El segundo resultado ha sido un consumo desaforado que ha disparado el déficit comercial, que en 2008 doblará el de 2007. Las importaciones han consumado la decadencia, iniciada en los años ochenta, de la industria manufacturera, muy golpeada por las deslocalizaciones. Con todo, el declive de la economía productiva ha sido aminorado por la abundante mano de obra barata que representan los 12 millones de inmigrantes ilegales que Bush no ha logrado regularizar.

El tercer resultado ha sido un déficit público que ha liquidado las cuentas saneadas que dejó Clinton en 2000. Ha de precisarse, sin embargo, que pese al énfasis puesto en este desequilibrio, la deuda pública de EE UU ronda el 65% del PIB y el déficit público rebasa algo el 3% del PIB, cifras que no son motivo de alarma. No obstante, el déficit puede doblarse a causa del plan de rescate de los bancos.
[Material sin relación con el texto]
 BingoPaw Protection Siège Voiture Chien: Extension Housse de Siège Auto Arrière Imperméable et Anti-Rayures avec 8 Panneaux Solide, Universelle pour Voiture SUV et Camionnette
Lo que sí es preocupante es el origen del déficit. EE UU necesita una seria mejora de sus obsoletas infraestructuras, al igual que políticas sociales contra la desigualdad generada por el modelo de crecimiento, que ha concentrado el 22% de la renta en el 1% de la población. Sin embargo, la causa del déficit es el gasto en Defensa, alentado por las conexiones de la Casa Blanca con la industria militar y con las compañías de prestación de servicios al Ejército, como la Halliburton del vicepresidente Cheney. De modo que mientras el Gobierno está cada vez más endeudado, la sanidad, que deja sin cobertura al 15% de la población, y la educación superan cimas de ineficacia. Este modelo de crecimiento ha ido acompañado, por otra parte, de una política energética que acentúa la dependencia del petróleo importado, en consonancia con la influencia del lobby petrolero en la Casa Blanca.
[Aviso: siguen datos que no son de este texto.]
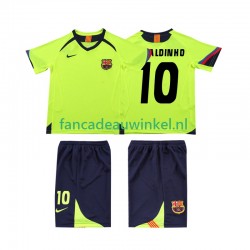 FC Barcelona Wedstrijdshirt met Korting RONALDINHO 10 2005 Retro Uit Kind 2006 Korte Mouw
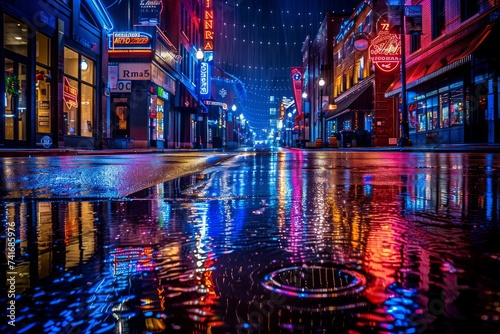 A wet city street at night reflecting neon lights © ParinApril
Unos 250 millones de vehículos recorren EE UU, país de baja densidad de población que ha privilegiado el transporte de mercancías por carretera. Estos vehículos son responsables del 10% del consumo diario de petróleo en el mundo y de la mitad del estadounidense. Pero EE UU produce la mitad de crudo que en 1970 y consume un 40% más. En 1970 el país cubría el 80% de sus necesidades. En 2008, apenas un 25%. Esto obliga a EE UU a mantener alianzas con países como Arabia Saudí, exportador del fundamentalismo islámico que sustenta el terrorismo al que Bush declaró la guerra.
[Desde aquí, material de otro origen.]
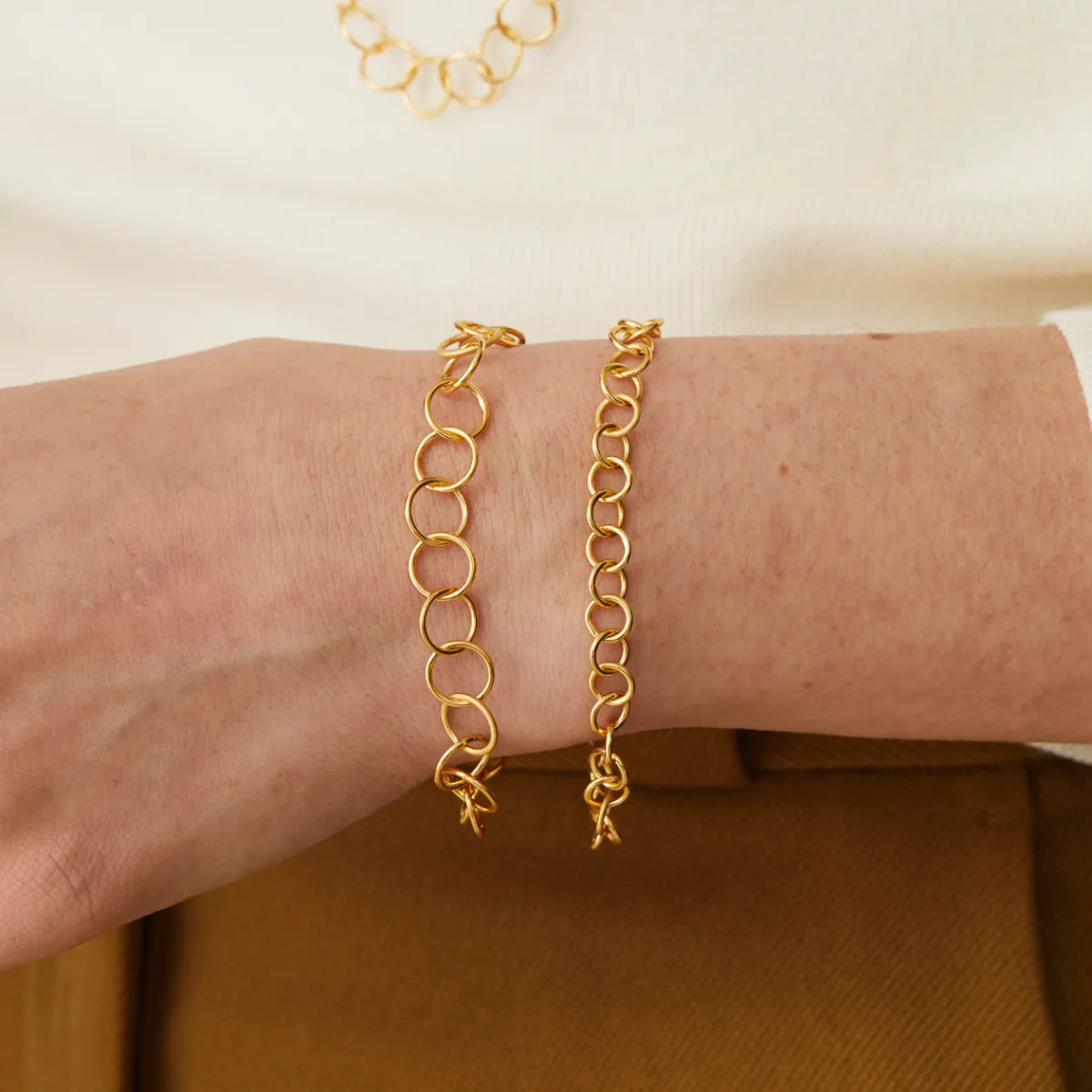 Tomfoolery Curve Large Circle Chain Bracelet Outlet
Buena parte de esto puede que escape al alcance de Joe el Fontanero, pero no de una parte importante de la clase media, que es la que está haciendo posibles los resultados de Obama en las encuestas. Obama atrae a millones de personas que esperan un cambio que genere crecimiento estable, buena educación, sanidad para todos y un futuro legal para los inmigrantes, además de gasolina barata.